I am going to try and go to work on Tuesday for a while. I'm not a sit around the house type of person and I've done a lot of it. We'll see how it goes.
Will update tmrw after my appt.

Thursday, August 2, 2012

Day 9

Hello everyone! The days are definitely cruising by with my daughter home and I'm glad for that. I can't wait for Monday to see if the splint will be removed but I don't want to get my hopes up. I posted a pix of the intrusive, awful thing. Once it's out I'm hoping to feel a lot better about this whole procedure and of course, eat!
I am still taking it easy. My body does not feel close to being back to normal. I know I'm exhausted because its hard to sleep propped up each night and wake up to take my antibiotics.
The swelling peaked but has not gone down much. I feel like a chipmunk and continue to ice even though my doctor says it won't do much good at this point.
My husband ground up some watermelon for me and it didn't taste like I thought it would, so I just decided to try and eat a piece of it. It went very well and tasted beyond good. I gorged on that and a fresh tomato and slurped some noodles. My belly seems content for now, the poor thing!
My hair is falling out like crazy! I kind of figured this was going to happen, so about two months before the procedure I was taking the supplement Biotin. It's good for strengthening hair and nails.
Tomorrow I will see my orthodontist. Have a great night everyone!

Wednesday, August 1, 2012

Day 7 return of the peanut

Sorry for the late post from yesterday, but my little girl got back from her vacation with my family. She was SO happy to see us!
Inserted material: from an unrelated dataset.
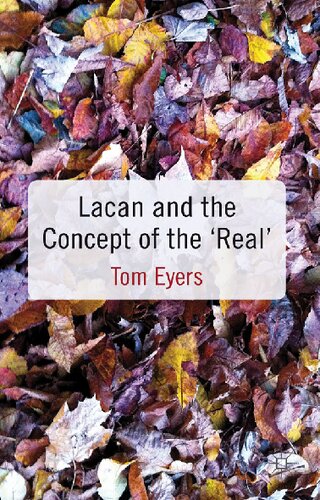 Lacan And The Concept Of The Real Tom Eyers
This time when she saw me i wasn't miserable in bed so that definitely helped.
What had consumed most of my days was thinking about food and how I could eat said food. My daughter has now taken my mind off that a little bit!
So let it be known, I am really hungry. Down about 12 pounds so far. I had 12 pounds to give, so I'm not too worried about the weight, it's just that I really like to eat and I miss food. Been starting off each morning with the high protein (25 grams) Ensure shake. I had stocked up on ensure because that's what I thought I should do, but man that stuff gets old.
Made a huge pot of chicken, vegetable and rice soup to grind up last night and it was pretty good. The problem with eating is that if it's not finely ground it gets stuck in my splint. And trying to fish food out of that is like heading into the abyss. I cringe to think what they're going to find in there when it comes out! I'm obsessed with cleaning my mouth, but with the splint there is only do much you can do.
The ibuprofen has been helping the aches to some degree, but if I'm not on it every six hours my jaw lets me know. It's a dull ache and it rests below my eyes in a horizontal line across my face.
Overall, I'm staying positive because that's the only option.